● **YOUR ASSIGNMENT**
Nothing but the records, repeated exactly, should form the response.

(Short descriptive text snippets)
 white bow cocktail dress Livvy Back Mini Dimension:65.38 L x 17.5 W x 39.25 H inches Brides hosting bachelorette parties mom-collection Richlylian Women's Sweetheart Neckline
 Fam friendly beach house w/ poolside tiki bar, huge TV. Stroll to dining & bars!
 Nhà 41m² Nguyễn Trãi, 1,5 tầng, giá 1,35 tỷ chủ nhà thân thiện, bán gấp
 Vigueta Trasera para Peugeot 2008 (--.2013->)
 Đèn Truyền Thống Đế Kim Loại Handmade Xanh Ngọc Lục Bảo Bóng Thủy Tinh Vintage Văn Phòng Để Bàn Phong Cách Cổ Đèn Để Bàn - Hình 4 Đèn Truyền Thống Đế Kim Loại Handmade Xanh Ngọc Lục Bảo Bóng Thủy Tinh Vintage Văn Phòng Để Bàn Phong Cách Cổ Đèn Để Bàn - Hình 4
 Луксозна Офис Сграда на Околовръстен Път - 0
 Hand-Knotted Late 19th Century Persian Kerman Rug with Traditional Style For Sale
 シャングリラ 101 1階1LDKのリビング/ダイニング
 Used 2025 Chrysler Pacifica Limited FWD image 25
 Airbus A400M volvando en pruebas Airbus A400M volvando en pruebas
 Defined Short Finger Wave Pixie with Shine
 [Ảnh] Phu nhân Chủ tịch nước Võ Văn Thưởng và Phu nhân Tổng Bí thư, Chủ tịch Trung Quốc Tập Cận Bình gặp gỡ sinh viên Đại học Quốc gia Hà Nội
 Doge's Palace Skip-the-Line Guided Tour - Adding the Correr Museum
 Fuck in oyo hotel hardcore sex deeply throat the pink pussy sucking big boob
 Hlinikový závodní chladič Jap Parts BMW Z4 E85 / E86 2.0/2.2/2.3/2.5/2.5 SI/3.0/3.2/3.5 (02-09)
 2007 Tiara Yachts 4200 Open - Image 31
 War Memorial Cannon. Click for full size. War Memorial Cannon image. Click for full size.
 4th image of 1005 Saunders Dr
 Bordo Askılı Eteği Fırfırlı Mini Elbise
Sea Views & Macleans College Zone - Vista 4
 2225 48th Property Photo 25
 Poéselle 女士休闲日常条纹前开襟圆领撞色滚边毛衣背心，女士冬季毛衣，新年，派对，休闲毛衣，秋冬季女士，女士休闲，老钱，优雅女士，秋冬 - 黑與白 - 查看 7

● **EXERCISE ANSWER**
 white bow cocktail dress Livvy Back Mini Dimension:65.38 L x 17.5 W x 39.25 H inches Brides hosting bachelorette parties mom-collection Richlylian Women's Sweetheart Neckline
 Fam friendly beach house w/ poolside tiki bar, huge TV. Stroll to dining & bars!
 Nhà 41m² Nguyễn Trãi, 1,5 tầng, giá 1,35 tỷ chủ nhà thân thiện, bán gấp
 Vigueta Trasera para Peugeot 2008 (--.2013->)
 Đèn Truyền Thống Đế Kim Loại Handmade Xanh Ngọc Lục Bảo Bóng Thủy Tinh Vintage Văn Phòng Để Bàn Phong Cách Cổ Đèn Để Bàn - Hình 4 Đèn Truyền Thống Đế Kim Loại Handmade Xanh Ngọc Lục Bảo Bóng Thủy Tinh Vintage Văn Phòng Để Bàn Phong Cách Cổ Đèn Để Bàn - Hình 4
 Луксозна Офис Сграда на Околовръстен Път - 0
 Hand-Knotted Late 19th Century Persian Kerman Rug with Traditional Style For Sale
 シャングリラ 101 1階1LDKのリビング/ダイニング
 Used 2025 Chrysler Pacifica Limited FWD image 25
 Airbus A400M volvando en pruebas Airbus A400M volvando en pruebas
 Defined Short Finger Wave Pixie with Shine
 [Ảnh] Phu nhân Chủ tịch nước Võ Văn Thưởng và Phu nhân Tổng Bí thư, Chủ tịch Trung Quốc Tập Cận Bình gặp gỡ sinh viên Đại học Quốc gia Hà Nội
 Doge's Palace Skip-the-Line Guided Tour - Adding the Correr Museum
 Fuck in oyo hotel hardcore sex deeply throat the pink pussy sucking big boob
 Hlinikový závodní chladič Jap Parts BMW Z4 E85 / E86 2.0/2.2/2.3/2.5/2.5 SI/3.0/3.2/3.5 (02-09)
 2007 Tiara Yachts 4200 Open - Image 31
 War Memorial Cannon. Click for full size. War Memorial Cannon image. Click for full size.
 4th image of 1005 Saunders Dr
 Bordo Askılı Eteği Fırfırlı Mini Elbise
Sea Views & Macleans College Zone - Vista 4
 2225 48th Property Photo 25
 Poéselle 女士休闲日常条纹前开襟圆领撞色滚边毛衣背心，女士冬季毛衣，新年，派对，休闲毛衣，秋冬季女士，女士休闲，老钱，优雅女士，秋冬 - 黑與白 - 查看 7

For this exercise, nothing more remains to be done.